In their parting scene Richard and Isabel display genuine affection for each other; their marriage, whatever it may have been, is all she has had, and she feels the loss deeply. Divided by the child of their nothingness, they leave each other tenderly—he to face the nothingness of death, she to face the nothingness of her life. Despite their contrasts they have come to replicate each other once again. All of the reflections—reversals as well as duplications—have brought Richard and Isabel to the same oblique perspective on life.

As a parallel to Richard, as a foreshadower of his words and actions, or as a young woman trapped in a nonproductive position, Isabel has exerted an influence in the play disproportionate to her minor role. Like the paradox of her metaphor, she has at first appeared to be nothing but has proved to be "something" of importance; the queen herself has become a metaphor for both the mirror and the perspective and for Richard. Through reflections and through the oblique subversive view, she has offered new awareness to Richard and the audience; although she has moved in the shadows, she has provided an enlightening new perspective for viewing Richard's tragedy and the tragedy of a Renaissance woman.

Notes

1 William Shakespeare, King Richard II, ed. Peter Ure, 5th ed. (London: Methuen, 1961). All citations have been taken from this edition.

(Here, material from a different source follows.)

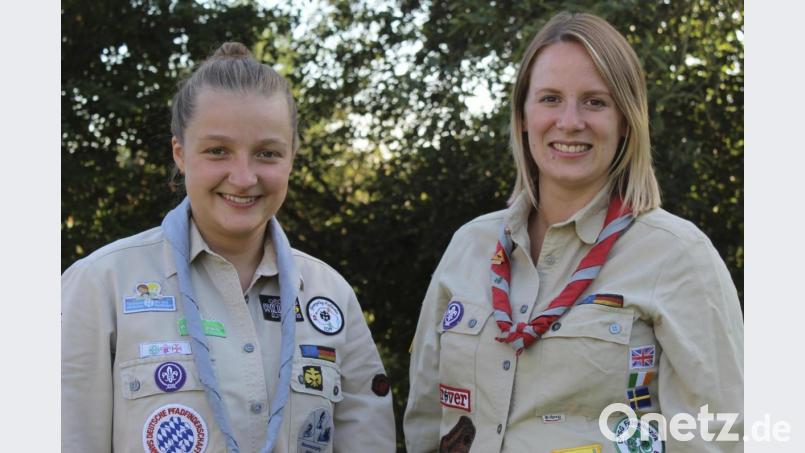Leonie Landstorfer (links) und Julia Artmann bilden seit Jahren die gemeinsame Spitze des Pfadfinderstamms Mitterteich. Bild: Werner Männer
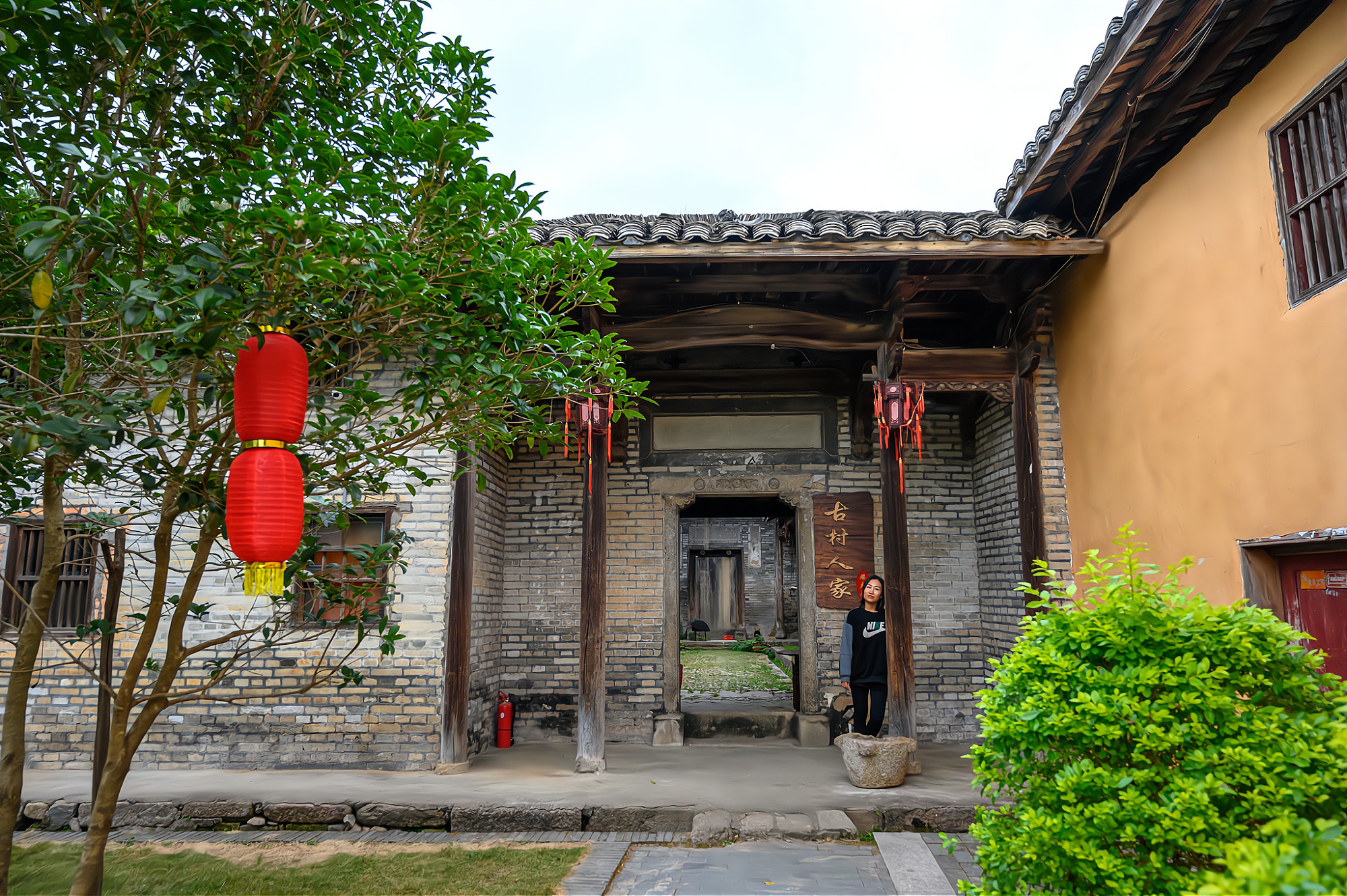 江西南部的千年古村客家围屋极具特色景色美如世外桃源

2 At the outset, I should like to acknowledge my debts for the understanding of perspective in Richard II, most especially to Ernest B. Gilman for his comprehensive work, The Curious Perspective: Literary and Pictorial Wit in the Seventeenth Century (New Haven: Yale Univ. Press, 1978). Gilman provides historical background for the perspective device and an explication of Richard II which have greatly influenced this study, and, although he does not explore the feminist perspective which is my own point of view, he has laid essential groundwork for which I am grateful.

I am also indebted to Claudio Guillén, "On the Concept and Metaphor of Perspective," in Comparatists at Work: Studies in Comparative Literature, ed. Stephen G. Nichols, Jr., and Richard B. Vowles (Waltham, Mass.: Blaisdell, 1968), pp. 28-90.

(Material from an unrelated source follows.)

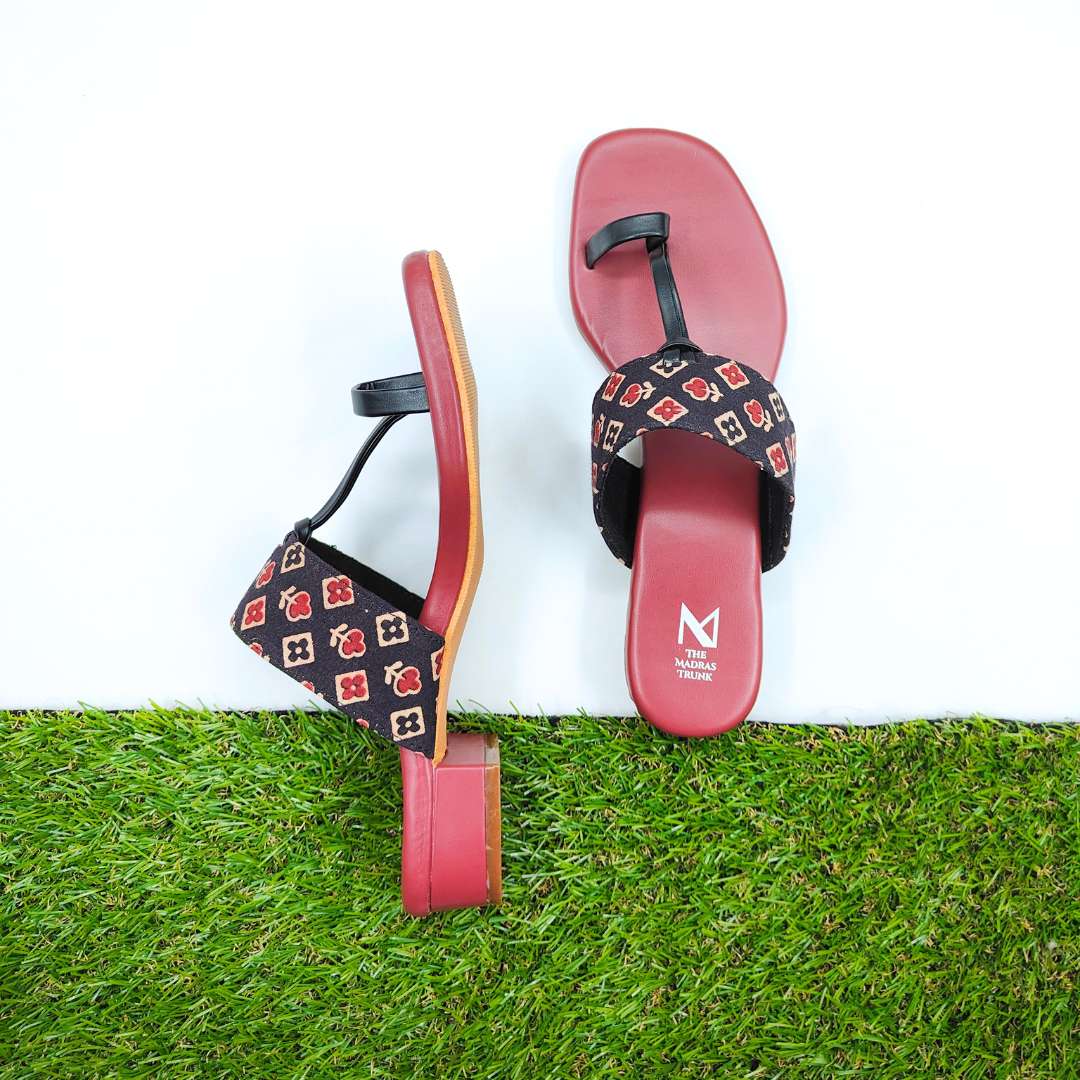 Amara Uno Maroon Black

3 Ong, "System, Space, and Intellect in Renaissance Symbolism," in The Barbarian Within and Other Fugitive Essays and Studies (1954; rpt. New York: Macmillan, 1962), pp. 69-70. Michel Foucault discusses similar concepts, notably the thought processes and distinctive linguistic constructions of the Renaissance—an "age of resemblances"—in contrast to a different basis for thought which developed in the classical age of the later seventeenth century. See The Order of Things: An Archaeology of the Human Sciences (1970; rpt. New York: Vintage, 1973), pp. 17-76.

4 Herbert Grabes, The Mutable Glass: Mirror-Imagery in Titles and Texts of the Middle Ages and English Renaissance, trans. Gordon Collier (Cambridge: Cambridge Univ. Press, 1982), p. 228.

5 Grabes, pp. 92-103.

6 In the introduction to his Arden edition, Peter Ure notes that although Richard II was entered in the Stationers' Register on August 29, 1597, it is thought to have been written in 1595 (p. xxix).

7 Grabes, pp. 4-5.

8 In 1435 Leon Battista Alberti, using the earlier discoveries of his contemporary Brunelleschi, formulated in Della pittura a written system of linear perspective for painters, the first artistic theory of its kind (Gilman, pp. 16-17 and 241, n. 4).

9 See John Berger, Ways of Seeing (1972; rpt. London: British Broadcasting Corporation, and Harmondsworth, Middlesex: Penguin, 1986).

10 See Gilman's discussion of this painting, especially in relation to Richard II (pp. 98-104), as well as his documentation for a possible connection between the painting and the play (p. 254, n. 13).

11 Gilman, pp. 47-48.

12 J. Dover Wilson, ed., King Richard II (1939; rpt. Cambridge: Cambridge Univ. Press, 1961), believes that Shakespeare alludes to the perspective glass as well as the anamorphic painting (p. 171, n. 18). Peter Ure agrees, noting the connection between "the tear-filled eye of Isabel, whose facets multiply grief," and the facets of this perspective glass (p. 70, n. 18). Folger Library editors Louis B. Wright and Virginia LaMar (The Tragedy of Richard II, General Reader's [New York: Washington Square, 1962]), suggest that "perspective" refers to any of the variety of Renaissance perspective "toys" (p. 38, n. 19). Guillén's observations that, in usage, perspective references often had the earlier medieval optic glass associations "grafted on" to the newer meanings and that perspective metaphors usually carried a variety of connotations (p. 42) support Ure's contention that Shakespeare may have had more than one perspective in mind.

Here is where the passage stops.